China’s new bank loans rebounded in September after dipping in the two previous months, central bank data showed, but overall credit conditions stayed tight in an economy chilled by an ongoing tariff war with the United States.
Growth of outstanding total social financing, a reliable gauge of overall credit conditions, slowed to 10.6 percent in September from 10.8 percent in August, making it, according to Capital Economics, the weakest since 2005.
“We think that officials will soon need to turn to other measures, such as cuts to benchmark interest rates or a relaxation of constraints on off-budget local government borrowing, in order to shore up credit growth and economic activity,” Chang Liu, China Economist for Capital Economics in London, said in a note.
A Reuters poll published on Tuesday, however, showed most analysts expected the benchmark lending rate to be left unchanged at 4.35 percent through to the end of 2019, as the central bank focuses on other monetary policy levers, such as interbank rates.
A key factor behind the tight credit conditions is an ongoing crackdown on shadow financing, which has been falling since early 2017 and has put most strain on private firms traditionally shunned by big state banks.
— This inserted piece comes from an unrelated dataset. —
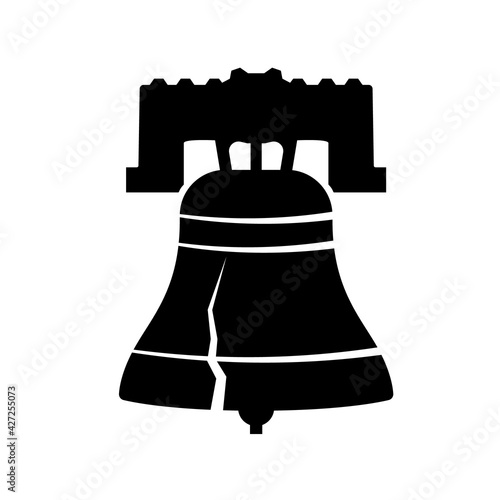 Liberty bell philadelphia silhouette icon. Clipart image isolated on white background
Policymakers have in recent months unveiled measures to lower financing costs, cut taxes and fast-track more infrastructure projects, although analysts believe such modest stimulus may take time to put a floor under the slowing economy.
Third quarter gross domestic product data due to be released on Friday is expected to show growth at its weakest since the global financial crisis, due in part to the impact of the trade war with the United States, according to a Reuters poll.
To stimulate bank lending, the People’s Bank of China has cut reserve requirements for lenders four times this year, with the latest cut taking effect on Oct. 15.
The data released on Wednesday showed Chinese banks extended 1.38 trillion yuan in net new yuan loans in September, more than analysts had expected and up from the previous month.
Total new bank loans in the first nine months of the year jumped 17.7 percent from a year earlier to 13.14 trillion yuan, and were on track to make a record year, eclipsing last year’s 13.53 trillion yuan, even though rising defaults have made banks more cautious.
But the increased lending barely compensates for shrinking “shadow” loans, one of the major targets of regulators as they seek to curb systemic financial risks.
Combined trust loans, entrusted loans and undiscounted bankers’ acceptances, which are common forms of shadow banking finance, fell by 289 billion yuan in September, following a drop of 267.4 billion yuan in August and a slide of 1.75 trillion yuan in the first seven months.